Cristina Braga – Com 3 anos já sabia ler, provavelmente por ser caçula. Diz minha mãe que aos 3 caiu em minhas mãos um livro com uma harpa linda desenhada… e desde então eu andava pela casa dizendo que tocaria harpa porque queria ser anjinho… Olha que poder um livro tem… Tive que esperar fazer 11 anos, passar por aulas de piano para crescer até alcançar as últimas cordas e os pedais. Amo o som do instrumento, a complexidade do instrumento, a demora do instrumento. No nosso tempo instantâneo, a harpa é uma mestra de longevidade, resiliência e profundidade. E, não bastasse, em um tempo em que a medicina das frequências ganha espaço, o instrumento é o que mais se aproxima do som puro, sendo uma das grandes estrelas da musicoterapia, ou harpaterapia. Tocar harpa é bom demais, e ouvir harpa mais ainda! Nunca subestime a música e a sonoridade que você ouve…a música tem um poder esquecido e potente de regenerar.
Em foco – Como é pertencer a uma família de músicos?
Cristina Braga – Uma delícia! Precisa ver nossas conversas… O músico é um arte-cientista de pensamento abstrato, do invisível…Somos escultores de ar…Minhas tias avós eram musicistas, meu pai (engenheiro) tocava piano, meu avô (engenheiro) gaita, Ricardo meu marido (compositor, produtor, contrabaixista pós graduado em composição em Londres e formado em música e engenharia) é um de meus grandes mestres – toca quase tudo, sabe quase tudo, e nossos filhos estudaram música como matemática e portugues. Dos 3, Antonia Medeiros @toniamedeiros nossa filha caçula, seguiu mesmo o caminho profissional, se graduou em música e se tornou uma excelente cantora e compositora…Tem uma música dela que permeou e é um sucesso enorme “Salve Todas”. Milhares de seguidores nas redes sociais… heheheh ficamos babando aqui… Mas é isso, amamos conversar sobre idéias, sobre soluções…Pedro está fazendo doutorado em economia e João é físico!
Em foco – Que papel desempenha o jardim Uana Etê em seu processo criativo e de amor à música ?
Cristina Braga – Uaná Etê é um grito que fala de terras fundamentais. Fala de consciência, de ligar os pontos… Vai desde os cristais que são base de nossa eletrônica, até estações repletas de flores em que as borboletas fazem um festival, ou outras em que os vagalumes enchem os campos… imagina isso para inspiração? É um conto de fadas!

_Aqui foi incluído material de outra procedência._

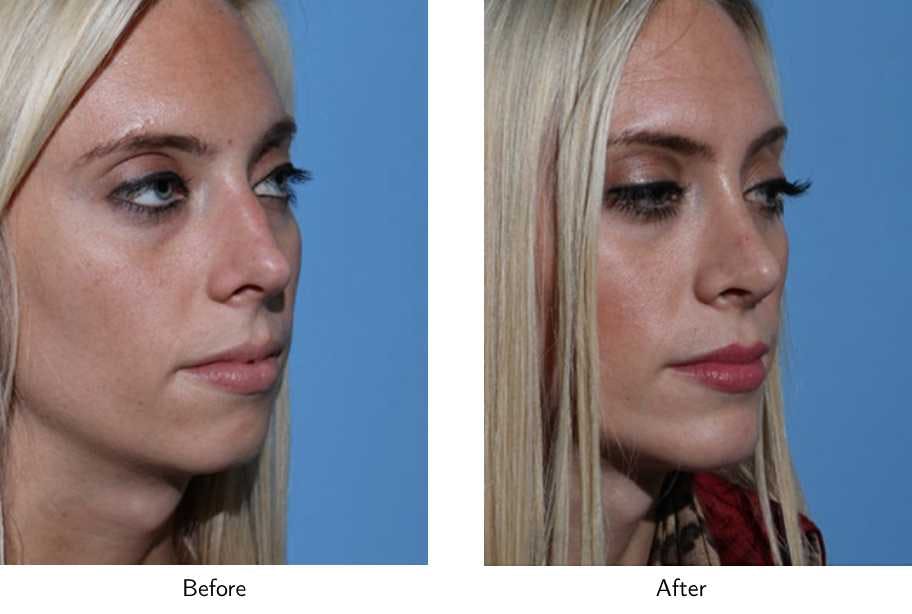 Rhinoplasty Before & After Gallery - Patient 64081038 - Image 2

O jardim é um projeto de vida meu e de Ricardo… quem me conhece de perto sabe que se não pudesse ter sido harpista, teria sido jardineira. Acho o reino das plantas, dos animais e dos minerais algo… mágico, como o som. Amo natureza, pássaros, aves, animais… É um jardim ecológico grande, com inúmeras instalações e que esconde esse grito dentro dos canteiros, uma exclamação em forma de arte: a música e a natureza são fundamentais: sem elas a vida perde a capacidade de se recriar.
Como diz Confúcio: preciso de arroz para viver e flores para ter por que viver… Hoje, Uaná Etê tem vários jardins, um orquidário que tem Lenine como patrono, o Labirinto da Música, um lavandário, a coleção de cactos e suculentas de Wilson das Neves, o oásis do lagarto para ouvir o som da água…um bosque de sinos…e muito mais,.. e vem mais por aí! Vamos inaugurar esse ano um Jardim dos Mistérios. O jardim está lindo…

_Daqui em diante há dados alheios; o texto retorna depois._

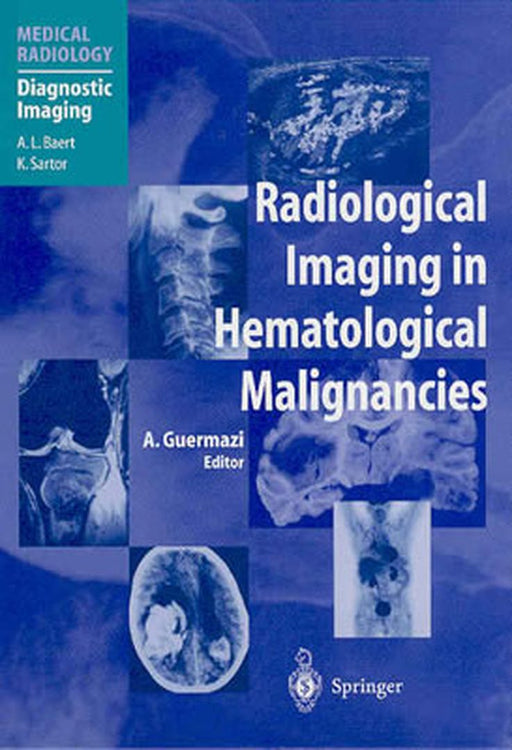 Radiological Imaging in Hematological Malignancies by Ali Guermazi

Em foco – O que lhe levou a presidir o Vale do Café Convention & Visitors Bureau?
Cristina Braga – Amo o Vale do Café! Uma essência de brasilidade fascinante! O Vale do Café é incontornável como destino para entender o Brasil. Somos a maior bacia do sudeste, repleta de vida, lendas, música, tambores, rodeados de Mata Atlântica replantada por cidadãos… que coisa linda!
Aprendo tanto com o pessoal do turismo! Acho fascinante como o turismo faz o dever de casa e coloca tudo na prateleira. Bayard Boiteux por exemplo, é uma pessoa com quem aprendi muito!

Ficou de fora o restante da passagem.